Monday, July 24, 2017

Quaker Alphabet Blog 2015-2017 - Z for Zed - The End

This is my last post in the Quaker Alphabet Blog. Since 2013 I have been through the alphabet, writing about Quaker related subjects, four times. Most of the other people who set out on this journey together have moved on to other things and it is time for me to do the same.

I have found this a useful prompt for my blogging - although sometimes no prompt is loud enough for such an arch-procrastinator as myself. The alphabetical structure has sometimes been difficult - not many names begin with Z, although some do, and some letters are much more difficult to find subjects for than others. I was particularly proud of X for Xylography!

I set out to use this format in part to continue to write about lesser-known Quakers of the past and I am happy to have done that. Of my biographical posts the most viewed has been Annie Elizabeth Clark. I certainly intend to continue with this theme and it will be a relief not to have to squeeze my writing into the confines of the alphabet.



Occasionally my alphabetical posts have been historical in other ways and there are themes there which I may try to expand on in future.

Another strand of my blogging has always been the autobiographical and when my life experience and my Quakerism have intersected some more personal posts have appeared in the alphabetical sequence.

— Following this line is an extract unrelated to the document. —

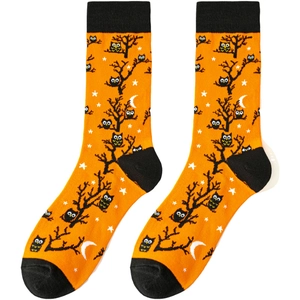 Dettaglio del motivo a gufo e albero su calze di cotone lavorato a maglia Halloween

So this is not really an ending. I am leaving one particular framework behind but I hope I can use it as a stepping stone to more writing. The difficulty that the alphabet structure was meant to remedy still remains - how to make myself sit down and write. To find out whether I have made any progress there you will have to watch this space!


3 comments:

Tina said...

I have enjoyed your blog and would like to use parts of it for printing on fabric. Hope you will not refuseerission. Tina Helfrich

Gil S said...

Thanks Tina. In general I would be happy but I would like to know which parts you will be using. If it is illustrations rather than text you may need to ask permission elsewhere and I would be happy to give you references.

Nancy said...

I have just discovered your blog and am sorry to see it has ended. In many ways I identify with what you have been doing. I am 85, a livelong Quaker, and have recently finished a biography of Joanna Slocum Mott, a Quaker minister born in the Rhode Island Colony in 1642. I am now trying to put together a sort of memoir, consisting of personal pieces entertwined with comments on the testimonies and references to my Quaker ancestors as they struggled with life. All this for my great-granddaughter, now 1.
If you write more, or on another platform, please let me know!